Exercise material >>
====

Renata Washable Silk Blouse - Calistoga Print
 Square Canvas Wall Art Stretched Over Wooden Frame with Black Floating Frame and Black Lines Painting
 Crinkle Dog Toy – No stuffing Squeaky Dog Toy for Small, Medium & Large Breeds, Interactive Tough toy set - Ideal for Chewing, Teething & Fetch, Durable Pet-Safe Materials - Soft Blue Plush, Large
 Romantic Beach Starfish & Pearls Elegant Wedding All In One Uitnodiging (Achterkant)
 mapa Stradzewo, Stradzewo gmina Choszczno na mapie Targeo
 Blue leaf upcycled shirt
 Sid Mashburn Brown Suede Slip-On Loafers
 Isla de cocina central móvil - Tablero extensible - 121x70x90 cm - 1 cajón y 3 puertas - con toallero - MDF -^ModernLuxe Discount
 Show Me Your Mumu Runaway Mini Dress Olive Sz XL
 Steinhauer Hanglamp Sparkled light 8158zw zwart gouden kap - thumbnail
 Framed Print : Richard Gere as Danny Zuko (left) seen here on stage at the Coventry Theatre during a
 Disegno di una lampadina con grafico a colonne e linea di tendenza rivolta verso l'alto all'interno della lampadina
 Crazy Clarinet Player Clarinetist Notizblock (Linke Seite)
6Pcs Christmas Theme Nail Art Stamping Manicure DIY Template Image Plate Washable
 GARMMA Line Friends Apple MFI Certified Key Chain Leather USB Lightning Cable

====

Problem to solve >> Look above for the line with "Isla de cocina" and the line with "Disegno di una". Write out those two lines and all the lines between them, exactly, and no others.

Solution below >>
 Isla de cocina central móvil - Tablero extensible - 121x70x90 cm - 1 cajón y 3 puertas - con toallero - MDF -^ModernLuxe Discount
 Show Me Your Mumu Runaway Mini Dress Olive Sz XL
 Steinhauer Hanglamp Sparkled light 8158zw zwart gouden kap - thumbnail
 Framed Print : Richard Gere as Danny Zuko (left) seen here on stage at the Coventry Theatre during a
 Disegno di una lampadina con grafico a colonne e linea di tendenza rivolta verso l'alto all'interno della lampadina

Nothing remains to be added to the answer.